No Freedom of speech in Poland: Public Universities cancel talks by American pro-life Speaker
By Natalia Dueholm, LIfe Site News On March 17, 2017
Rebecca Kiessling in Poland
WARSAW, Poland, March 17, 2017 (LifeSiteNews) - Four universities were pressured by the radical left this week to cancel talks by American pro-life speaker Rebecca Kiessling, forcing organizers to move her presentations to alternate locations during a speaking tour in Poland.
Ultimately, however, these intimidation tactics backfired.
The Polish legal organization Ordo Iuris Institute for Legal Culture invited Kiessling to speak, primarily in university towns. Kiessling is an American mother and lawyer who was conceived in rape.
The plan was to meet students, journalists, politicians and pro-life activists. Kiessling wrote on her Facebook page that she came "to speak on behalf of #OrdoIuris efforts to remove #RapeException from the 1993 law."
Joanna Zając of Ordo Iuris explained to LifeSiteNews that Kiessling was scheduled to speak at four public universities, in Warsaw, Wrocław, Toruń and Krakow, but all were cancelled after protests by left-wing activists, including the radical Together party. Warsaw University backed down because the event "promoted specific beliefs and was not an academic discussion."
The organizers agreed to change the format of the event from a lecture to a discussion and still hoped Kiessling would be able to speak at the university. In other cases, the organizers simply moved the event somewhere else.
The only university that did not succumb to the pressure was the Catholic University in Lublin, where Kiessling's appearance went as planned. It can be viewed here.
"I've never had a speech cancelled in the United States," she explained.
In Canada, it happened once, but the community college "quickly rescheduled the event with an apology for the mix-up," Kiessling told LifeSiteNews.
Minister of Science and Higher Education Jarosław Gowin called the actions of Polish institutions of higher learning "censorship." In a statement released on the government website, he supported the right to free speech, particularly Kiessling's right to speak on University campuses throughout Poland. She was "absolutely thrilled" by his statement.
Kiessling said in a video that she was not surprised to see "bullies who wanted to silence her," but she was surprised that the universities cancelled the event.

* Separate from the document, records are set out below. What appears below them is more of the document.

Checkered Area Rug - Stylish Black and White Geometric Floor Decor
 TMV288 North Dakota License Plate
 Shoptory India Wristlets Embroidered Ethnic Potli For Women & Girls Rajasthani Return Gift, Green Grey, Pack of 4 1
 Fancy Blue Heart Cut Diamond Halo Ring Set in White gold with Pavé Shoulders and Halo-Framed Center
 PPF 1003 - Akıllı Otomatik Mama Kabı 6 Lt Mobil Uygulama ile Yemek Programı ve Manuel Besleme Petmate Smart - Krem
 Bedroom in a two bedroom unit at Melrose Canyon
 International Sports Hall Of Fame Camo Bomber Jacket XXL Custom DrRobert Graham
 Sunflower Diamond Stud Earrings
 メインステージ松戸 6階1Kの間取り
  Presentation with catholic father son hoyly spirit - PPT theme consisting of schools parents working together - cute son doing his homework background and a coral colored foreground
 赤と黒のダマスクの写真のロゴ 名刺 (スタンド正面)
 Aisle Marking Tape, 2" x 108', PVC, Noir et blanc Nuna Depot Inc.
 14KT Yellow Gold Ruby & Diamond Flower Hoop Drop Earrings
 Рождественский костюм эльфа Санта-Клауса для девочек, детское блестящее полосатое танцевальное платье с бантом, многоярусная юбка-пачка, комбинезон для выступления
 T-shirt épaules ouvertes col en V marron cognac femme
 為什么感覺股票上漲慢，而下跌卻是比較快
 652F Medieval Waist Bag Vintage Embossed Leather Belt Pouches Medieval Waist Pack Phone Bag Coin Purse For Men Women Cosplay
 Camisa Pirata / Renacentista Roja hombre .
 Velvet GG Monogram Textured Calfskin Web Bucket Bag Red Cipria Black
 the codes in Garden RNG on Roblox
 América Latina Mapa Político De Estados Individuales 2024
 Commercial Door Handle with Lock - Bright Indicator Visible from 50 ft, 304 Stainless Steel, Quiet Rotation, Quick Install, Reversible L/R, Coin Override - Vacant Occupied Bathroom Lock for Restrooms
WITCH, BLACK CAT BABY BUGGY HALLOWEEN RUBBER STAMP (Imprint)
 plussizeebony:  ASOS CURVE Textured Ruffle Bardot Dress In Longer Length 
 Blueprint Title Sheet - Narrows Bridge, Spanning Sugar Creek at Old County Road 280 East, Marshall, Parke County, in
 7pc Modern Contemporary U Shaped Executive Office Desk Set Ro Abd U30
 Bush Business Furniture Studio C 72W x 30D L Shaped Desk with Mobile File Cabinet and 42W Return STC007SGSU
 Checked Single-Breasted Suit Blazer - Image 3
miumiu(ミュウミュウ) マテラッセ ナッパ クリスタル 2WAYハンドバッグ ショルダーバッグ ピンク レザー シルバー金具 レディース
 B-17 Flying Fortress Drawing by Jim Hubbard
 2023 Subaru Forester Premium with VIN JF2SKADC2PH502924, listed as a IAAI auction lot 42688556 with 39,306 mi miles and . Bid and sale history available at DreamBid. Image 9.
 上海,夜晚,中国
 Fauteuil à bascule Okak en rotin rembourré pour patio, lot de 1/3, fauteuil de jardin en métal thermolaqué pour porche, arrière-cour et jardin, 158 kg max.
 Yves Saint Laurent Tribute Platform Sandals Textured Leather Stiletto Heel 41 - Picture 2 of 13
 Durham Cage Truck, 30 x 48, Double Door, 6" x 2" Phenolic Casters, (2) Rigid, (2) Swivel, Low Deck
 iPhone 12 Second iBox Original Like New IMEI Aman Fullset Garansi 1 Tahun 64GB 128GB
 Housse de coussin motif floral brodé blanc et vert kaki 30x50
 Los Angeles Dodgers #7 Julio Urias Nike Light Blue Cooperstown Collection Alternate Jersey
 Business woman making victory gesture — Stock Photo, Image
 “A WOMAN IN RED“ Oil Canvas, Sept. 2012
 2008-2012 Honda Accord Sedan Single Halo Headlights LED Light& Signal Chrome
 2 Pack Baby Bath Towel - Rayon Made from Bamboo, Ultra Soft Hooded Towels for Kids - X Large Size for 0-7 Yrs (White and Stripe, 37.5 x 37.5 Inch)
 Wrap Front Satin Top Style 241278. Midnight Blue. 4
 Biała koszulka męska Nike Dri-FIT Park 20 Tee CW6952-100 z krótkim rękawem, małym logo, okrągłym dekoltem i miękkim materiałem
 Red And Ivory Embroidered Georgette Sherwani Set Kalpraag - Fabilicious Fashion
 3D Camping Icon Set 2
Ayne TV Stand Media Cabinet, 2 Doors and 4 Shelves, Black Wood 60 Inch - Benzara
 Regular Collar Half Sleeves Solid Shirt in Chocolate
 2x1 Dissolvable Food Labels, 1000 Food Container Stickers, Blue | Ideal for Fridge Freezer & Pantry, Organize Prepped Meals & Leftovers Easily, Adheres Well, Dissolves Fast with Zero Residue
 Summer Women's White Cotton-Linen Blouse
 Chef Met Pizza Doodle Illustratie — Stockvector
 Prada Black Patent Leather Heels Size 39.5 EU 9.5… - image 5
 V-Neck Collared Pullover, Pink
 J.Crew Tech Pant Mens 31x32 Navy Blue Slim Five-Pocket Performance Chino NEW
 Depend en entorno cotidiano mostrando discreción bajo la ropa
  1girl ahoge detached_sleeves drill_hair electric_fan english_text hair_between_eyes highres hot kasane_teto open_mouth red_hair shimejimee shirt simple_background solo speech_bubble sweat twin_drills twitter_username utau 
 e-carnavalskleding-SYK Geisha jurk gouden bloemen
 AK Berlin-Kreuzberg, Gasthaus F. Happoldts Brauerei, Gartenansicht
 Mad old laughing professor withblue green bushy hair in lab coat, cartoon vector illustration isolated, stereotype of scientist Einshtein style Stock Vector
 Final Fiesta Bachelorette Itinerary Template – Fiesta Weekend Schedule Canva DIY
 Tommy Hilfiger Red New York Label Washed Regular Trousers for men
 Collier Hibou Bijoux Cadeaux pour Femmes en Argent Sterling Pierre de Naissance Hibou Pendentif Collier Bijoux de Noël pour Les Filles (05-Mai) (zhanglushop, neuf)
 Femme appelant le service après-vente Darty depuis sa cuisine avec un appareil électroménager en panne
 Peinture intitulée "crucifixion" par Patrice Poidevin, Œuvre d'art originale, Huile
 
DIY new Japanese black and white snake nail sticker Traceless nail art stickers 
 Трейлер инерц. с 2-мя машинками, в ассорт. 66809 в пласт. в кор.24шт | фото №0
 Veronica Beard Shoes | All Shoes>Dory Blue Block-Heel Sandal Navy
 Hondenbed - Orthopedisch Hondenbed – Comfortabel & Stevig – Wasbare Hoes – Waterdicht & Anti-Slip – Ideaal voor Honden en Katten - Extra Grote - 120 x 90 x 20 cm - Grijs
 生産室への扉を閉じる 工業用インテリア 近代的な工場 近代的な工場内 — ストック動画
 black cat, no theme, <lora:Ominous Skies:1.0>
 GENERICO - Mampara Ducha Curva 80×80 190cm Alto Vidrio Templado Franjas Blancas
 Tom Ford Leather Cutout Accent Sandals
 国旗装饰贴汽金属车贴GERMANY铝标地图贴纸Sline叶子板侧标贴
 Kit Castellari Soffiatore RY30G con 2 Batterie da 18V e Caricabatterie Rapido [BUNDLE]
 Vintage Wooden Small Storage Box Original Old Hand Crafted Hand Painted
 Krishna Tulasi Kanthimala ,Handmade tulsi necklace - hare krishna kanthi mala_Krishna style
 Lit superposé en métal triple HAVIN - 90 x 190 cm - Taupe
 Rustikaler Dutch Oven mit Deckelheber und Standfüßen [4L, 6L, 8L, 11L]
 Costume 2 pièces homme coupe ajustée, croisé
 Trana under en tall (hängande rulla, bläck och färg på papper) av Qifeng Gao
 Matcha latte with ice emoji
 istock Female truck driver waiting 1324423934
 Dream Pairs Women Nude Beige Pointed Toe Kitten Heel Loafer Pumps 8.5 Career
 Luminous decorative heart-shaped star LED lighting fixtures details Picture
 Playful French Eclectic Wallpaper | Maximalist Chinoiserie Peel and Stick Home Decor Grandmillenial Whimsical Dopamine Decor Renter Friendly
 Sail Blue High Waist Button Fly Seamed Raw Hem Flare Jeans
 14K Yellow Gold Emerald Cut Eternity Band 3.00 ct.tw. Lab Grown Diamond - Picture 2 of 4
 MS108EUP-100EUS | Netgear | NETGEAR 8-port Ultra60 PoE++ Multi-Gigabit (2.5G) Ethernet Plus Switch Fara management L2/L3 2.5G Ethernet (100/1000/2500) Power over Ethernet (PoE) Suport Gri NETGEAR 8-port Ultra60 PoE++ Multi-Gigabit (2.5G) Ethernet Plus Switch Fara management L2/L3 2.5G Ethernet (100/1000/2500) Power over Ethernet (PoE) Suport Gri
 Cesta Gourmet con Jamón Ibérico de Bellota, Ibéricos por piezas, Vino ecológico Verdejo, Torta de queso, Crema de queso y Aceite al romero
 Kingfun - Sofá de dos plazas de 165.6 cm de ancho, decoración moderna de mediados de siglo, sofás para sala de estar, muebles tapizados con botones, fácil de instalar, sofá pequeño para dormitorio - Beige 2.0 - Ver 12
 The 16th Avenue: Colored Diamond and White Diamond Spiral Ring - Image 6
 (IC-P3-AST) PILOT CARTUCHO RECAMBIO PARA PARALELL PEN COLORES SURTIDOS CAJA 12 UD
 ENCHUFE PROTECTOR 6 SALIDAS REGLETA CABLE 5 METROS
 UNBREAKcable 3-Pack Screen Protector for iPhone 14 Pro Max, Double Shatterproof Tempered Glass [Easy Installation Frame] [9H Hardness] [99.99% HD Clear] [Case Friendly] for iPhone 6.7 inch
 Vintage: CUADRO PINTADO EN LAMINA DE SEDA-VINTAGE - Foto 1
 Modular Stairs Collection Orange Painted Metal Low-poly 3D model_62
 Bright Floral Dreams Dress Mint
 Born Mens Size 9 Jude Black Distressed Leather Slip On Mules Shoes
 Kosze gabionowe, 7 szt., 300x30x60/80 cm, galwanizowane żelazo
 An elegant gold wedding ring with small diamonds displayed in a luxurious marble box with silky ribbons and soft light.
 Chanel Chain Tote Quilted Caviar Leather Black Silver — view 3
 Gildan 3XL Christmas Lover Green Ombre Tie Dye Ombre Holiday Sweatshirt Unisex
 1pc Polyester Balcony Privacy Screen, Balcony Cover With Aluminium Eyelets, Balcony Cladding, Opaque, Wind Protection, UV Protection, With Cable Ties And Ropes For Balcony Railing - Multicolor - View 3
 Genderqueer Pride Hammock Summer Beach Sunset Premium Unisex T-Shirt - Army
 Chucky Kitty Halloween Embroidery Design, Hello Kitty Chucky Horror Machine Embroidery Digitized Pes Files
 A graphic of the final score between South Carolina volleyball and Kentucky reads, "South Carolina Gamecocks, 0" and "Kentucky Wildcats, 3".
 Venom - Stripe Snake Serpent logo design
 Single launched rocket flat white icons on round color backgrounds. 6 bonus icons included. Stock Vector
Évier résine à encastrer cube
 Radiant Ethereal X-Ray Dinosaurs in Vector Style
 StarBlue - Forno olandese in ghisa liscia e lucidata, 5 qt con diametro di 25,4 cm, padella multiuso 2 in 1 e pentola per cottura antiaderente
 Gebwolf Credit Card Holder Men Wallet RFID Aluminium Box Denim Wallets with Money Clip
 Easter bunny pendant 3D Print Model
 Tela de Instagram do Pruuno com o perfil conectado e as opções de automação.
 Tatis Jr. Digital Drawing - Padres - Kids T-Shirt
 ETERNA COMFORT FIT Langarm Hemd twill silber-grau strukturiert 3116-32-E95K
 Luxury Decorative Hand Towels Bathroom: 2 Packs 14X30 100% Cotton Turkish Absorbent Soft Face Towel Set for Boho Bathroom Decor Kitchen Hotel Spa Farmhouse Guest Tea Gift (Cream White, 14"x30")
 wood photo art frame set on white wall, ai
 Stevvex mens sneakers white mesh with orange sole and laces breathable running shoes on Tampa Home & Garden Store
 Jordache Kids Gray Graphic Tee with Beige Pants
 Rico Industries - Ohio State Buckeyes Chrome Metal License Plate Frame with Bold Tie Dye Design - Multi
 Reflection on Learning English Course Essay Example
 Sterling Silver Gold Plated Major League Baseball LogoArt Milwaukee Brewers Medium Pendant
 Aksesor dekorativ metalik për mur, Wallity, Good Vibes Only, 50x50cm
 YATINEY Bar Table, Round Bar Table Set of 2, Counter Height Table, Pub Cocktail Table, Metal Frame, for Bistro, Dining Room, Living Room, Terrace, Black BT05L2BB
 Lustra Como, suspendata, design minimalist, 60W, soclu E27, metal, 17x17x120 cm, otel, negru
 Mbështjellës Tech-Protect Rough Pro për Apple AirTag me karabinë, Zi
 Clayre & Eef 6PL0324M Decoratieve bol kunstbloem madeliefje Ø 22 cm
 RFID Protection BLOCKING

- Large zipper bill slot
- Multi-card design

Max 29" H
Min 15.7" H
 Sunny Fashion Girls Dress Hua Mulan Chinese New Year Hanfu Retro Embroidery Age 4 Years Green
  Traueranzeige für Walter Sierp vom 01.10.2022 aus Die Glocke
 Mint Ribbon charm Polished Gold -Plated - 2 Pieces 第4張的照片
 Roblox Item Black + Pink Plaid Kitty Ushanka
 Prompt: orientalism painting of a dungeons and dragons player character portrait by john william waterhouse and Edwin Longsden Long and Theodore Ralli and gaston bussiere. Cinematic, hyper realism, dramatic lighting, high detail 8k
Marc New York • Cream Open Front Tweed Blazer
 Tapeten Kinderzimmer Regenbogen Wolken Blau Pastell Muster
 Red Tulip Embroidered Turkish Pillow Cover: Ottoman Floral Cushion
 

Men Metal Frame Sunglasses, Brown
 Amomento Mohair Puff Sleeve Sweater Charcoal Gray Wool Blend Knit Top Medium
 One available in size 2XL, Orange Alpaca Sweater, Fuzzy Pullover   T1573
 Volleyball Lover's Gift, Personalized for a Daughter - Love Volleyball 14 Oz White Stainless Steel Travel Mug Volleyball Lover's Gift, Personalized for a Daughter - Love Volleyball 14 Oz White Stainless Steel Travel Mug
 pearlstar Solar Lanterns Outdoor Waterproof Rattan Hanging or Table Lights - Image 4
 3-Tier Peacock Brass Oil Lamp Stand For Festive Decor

"In the U.S., they would get sued for this," she added.
Kiessling, a mother of five, thanked the protesters because they helped her "reach far more people with all the media attention." She told LifeSiteNews that she is very pleased that several other universities stepped up to have her speak when the others cancelled. The turnout at those events was phenomenal.
"I feel like I should be sending a basket of fruit or bouquet of flowers to those who protested having me speak because my story has reached far more people than it would have ever reached if I was merely speaking at a university," Kiessling said.
Visiting Poland for the first time, she told wpolityce.pl that her grandmother, whom she credits for teaching her about pro-life issues, came to the United States from the Polish region of Galicia, when her family fled the Nazi occupation of the country.
She has had almost non-stop media interviews and a full schedule while in the country. At the end of her first day in Poland, her story was covered in more than 100 Polish newspapers.
Some of the attention has been negative. Someone on Facebook threatened to break her legs.
"Hopefully, you will be hearing from the police soon," she joked. "Nice try scaring me, but I will not be silenced and I will not live in fear."
Mariusz Dzierżawski of Right to Life Foundation saw Kiessling speak at the Polish Parliament. He told LifeSiteNews that "her testimony is very compelling, very emotional and personal but not overly melodramatic." He added that thanks to her, his determination to fight for the right to live grew even more.
Indeed, Kiessling's story of rape and adoption is shocking and persuasive. She was conceived when her mother was brutally assaulted at knife-point by a stranger, a serial rapist. Given away for adoption, she learned about her past when she was 18. Kiessling's biological mother admitted to her that she would have aborted her had abortion been legal at the time.
Kiessling's experiences taught her the importance of legal protection for the unborn. That's why she has been fighting to eliminate the rape exception. She created an organization "Save the1" that helps sexual assault victims and those conceived in rape. Her work changed her mother's mind on the topic, as well as that of former Texas governor Rick Perry.
Despite the cancellations, Kiessling has already had an impact in Poland. She wrote on her Facebook page that after speaking at the Catholic University in Lublin, one female student came up to her to tell her that she changed her mind about abortion. The packed auditorium gave Kiessling a standing ovation at the end of her speech, and only five people had showed up to protest beforehand.
"It was a great success," Kiessling wrote.